*Exercise goal:* From the line that holds "Sleep Inn &" to the last line of the data, copy everything exactly; leave out all the rest.

*Input data:*
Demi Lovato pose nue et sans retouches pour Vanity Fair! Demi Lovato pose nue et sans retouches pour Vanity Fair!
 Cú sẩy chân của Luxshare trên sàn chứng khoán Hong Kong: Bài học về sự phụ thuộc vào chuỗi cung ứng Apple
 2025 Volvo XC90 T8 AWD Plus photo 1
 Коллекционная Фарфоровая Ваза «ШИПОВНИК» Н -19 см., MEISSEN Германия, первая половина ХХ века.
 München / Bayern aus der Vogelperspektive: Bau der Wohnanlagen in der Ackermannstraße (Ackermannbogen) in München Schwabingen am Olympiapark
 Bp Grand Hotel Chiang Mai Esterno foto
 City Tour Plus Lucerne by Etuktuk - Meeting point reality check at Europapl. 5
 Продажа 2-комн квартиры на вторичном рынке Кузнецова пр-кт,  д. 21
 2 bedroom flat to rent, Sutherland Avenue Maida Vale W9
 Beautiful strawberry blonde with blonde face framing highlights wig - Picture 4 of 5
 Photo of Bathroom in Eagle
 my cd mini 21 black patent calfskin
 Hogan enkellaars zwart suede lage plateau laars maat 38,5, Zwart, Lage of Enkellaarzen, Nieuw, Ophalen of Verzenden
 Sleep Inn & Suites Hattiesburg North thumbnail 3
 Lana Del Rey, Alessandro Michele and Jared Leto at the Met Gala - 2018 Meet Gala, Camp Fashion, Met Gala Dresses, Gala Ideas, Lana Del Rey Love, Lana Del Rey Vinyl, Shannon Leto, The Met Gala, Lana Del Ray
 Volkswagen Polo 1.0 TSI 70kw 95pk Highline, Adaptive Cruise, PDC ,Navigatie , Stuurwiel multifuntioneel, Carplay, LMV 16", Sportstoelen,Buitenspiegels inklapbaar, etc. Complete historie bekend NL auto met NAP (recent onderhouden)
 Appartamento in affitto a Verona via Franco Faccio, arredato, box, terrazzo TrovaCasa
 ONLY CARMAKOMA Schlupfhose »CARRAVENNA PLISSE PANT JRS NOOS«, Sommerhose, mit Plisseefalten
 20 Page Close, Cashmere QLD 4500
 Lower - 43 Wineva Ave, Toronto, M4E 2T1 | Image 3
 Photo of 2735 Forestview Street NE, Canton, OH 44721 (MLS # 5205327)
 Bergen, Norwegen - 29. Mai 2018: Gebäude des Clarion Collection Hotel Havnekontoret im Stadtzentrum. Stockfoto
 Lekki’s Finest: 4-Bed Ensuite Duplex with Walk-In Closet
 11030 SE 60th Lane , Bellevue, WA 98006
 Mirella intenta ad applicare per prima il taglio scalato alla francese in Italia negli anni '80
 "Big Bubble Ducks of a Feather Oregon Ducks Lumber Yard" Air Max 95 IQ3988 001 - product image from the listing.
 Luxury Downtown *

*Solution to this exercise:*
 Sleep Inn & Suites Hattiesburg North thumbnail 3
 Lana Del Rey, Alessandro Michele and Jared Leto at the Met Gala - 2018 Meet Gala, Camp Fashion, Met Gala Dresses, Gala Ideas, Lana Del Rey Love, Lana Del Rey Vinyl, Shannon Leto, The Met Gala, Lana Del Ray
 Volkswagen Polo 1.0 TSI 70kw 95pk Highline, Adaptive Cruise, PDC ,Navigatie , Stuurwiel multifuntioneel, Carplay, LMV 16", Sportstoelen,Buitenspiegels inklapbaar, etc. Complete historie bekend NL auto met NAP (recent onderhouden)
 Appartamento in affitto a Verona via Franco Faccio, arredato, box, terrazzo TrovaCasa
 ONLY CARMAKOMA Schlupfhose »CARRAVENNA PLISSE PANT JRS NOOS«, Sommerhose, mit Plisseefalten
 20 Page Close, Cashmere QLD 4500
 Lower - 43 Wineva Ave, Toronto, M4E 2T1 | Image 3
 Photo of 2735 Forestview Street NE, Canton, OH 44721 (MLS # 5205327)
 Bergen, Norwegen - 29. Mai 2018: Gebäude des Clarion Collection Hotel Havnekontoret im Stadtzentrum. Stockfoto
 Lekki’s Finest: 4-Bed Ensuite Duplex with Walk-In Closet
 11030 SE 60th Lane , Bellevue, WA 98006
 Mirella intenta ad applicare per prima il taglio scalato alla francese in Italia negli anni '80
 "Big Bubble Ducks of a Feather Oregon Ducks Lumber Yard" Air Max 95 IQ3988 001 - product image from the listing.
 Luxury Downtown *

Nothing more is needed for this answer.